Январский мороз. Чертыхаясь, напялила соответственную амуницию. Вокзал, кутерьма, я спросонья, но увидев Колю, выходящего из вагона, обмерла. Он зачем-то отпустил бороду, ставши неузнаваемым — тоже что ли для конспирации? — чужим, и мою реакцию он своими обострёнными на боль рецепторами мгновенно учуял. Да и встречала его не только я, что мне не понравилось тоже. Ему сняли квартиру, туда отвезли, и зачем в таком случае моё на вокзале присутствие?
Понял неловкость. Позвонил в тот же день: я ведь тебе не навязываюсь, но с женой расхожусь, ей сказал. Я: ты что, сумасшедший? Пауза. И слышу: я — да, наверное, а вот ты нормальная, очень нормальная, прости, если что не так.
Ну и всё. Больше мы не видались. Спустя время, длительное время, когда распался СССР, "дружба народов" канула в небытие, и в мое сердце вошла заноза, саднившая мучительно сердце. Кто наши родители, как они в ту эпоху выживали? Что им простительно, а что нет? Как примирить признательность тем, кто произвел нас на свет, с совершенно иным восприятиям и прошлого, и сегодняшнего. Мы предаем или отстаиваем собственную, другую, ни от чего, ни от кого независимую сущность?
Удивило, что Агнесса, приехав как-то, уже после смерти Гидаша, в Москву, мне позвонила.
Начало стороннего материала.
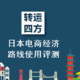 性价比爆表，但服务可以更加完善——转运四方日本电商清关经济模式使用心得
О Коле — ни слова. Что она знала, или ничего не знала? Коля — любимый племянник, привечаемый ею и Анталом с особой заботой, особенно после развода его родителей. Брат её тоже Миклош Кун, известный не только в Венгрии хирург, обзавелся другой семьей, молодой женой, детьми, живя в том же особняке, от старшего сына отдалился. Коля приходил туда к дяде и тёте, игнорируя, что на первом этаже живет отец. Еще драма, с политикой, идеологией никак не связанная. Но стать в Агнессе, как внешняя, так и внутренняя, не позволила ей, верно, задавать мне какие-либо вопросы. И вот только тогда я почувствовала себя виноватой. Не перед Колей, а перед ней. Прожив жизнь со страстно, с юности любимым человеком, она, наверняка, ощущала обиду за обделённость тут племянника. Я первая спросила: а как Коля? Агнесса: неплохо, работает, и — после паузы — живет всё с той же женой. И мы поняли друг друга: тянет лямку, значит, по его же признанию, несчастливого брака. Смирился? А в чем еще? Неужели я как-то всё же оказалась случайно причастна к трудной с рождения его судьбе?
Однажды, уже из США, набрала его домашний номер так, в неосознаваемом порыве. Взял трубку, говоря на венгерском. Коля, здравствуй... Он, тускло: здравствуй, у нас тут некоторые неприятности, квартиру ограбили, хотя грабить нечего, кроме книг, и район бедноватый. Я, смутившись, вот встряла не вовремя, ляпаю: а как с особняком, где Гидаши-Куны жили? Он, хмыкнув: особняк тот тю-тю, отобрали, заселили другими, нынче угодными, это нормально, всё повторяется, неужели не поняла?
Да я-то поняла, давно поняла, но еще раз удостоверилась. А чего жаль, так той пресловутой дружбы между народами. Отнюдь не мифической. Было, и мы были, и наше, какое-никакое прошлое. Было.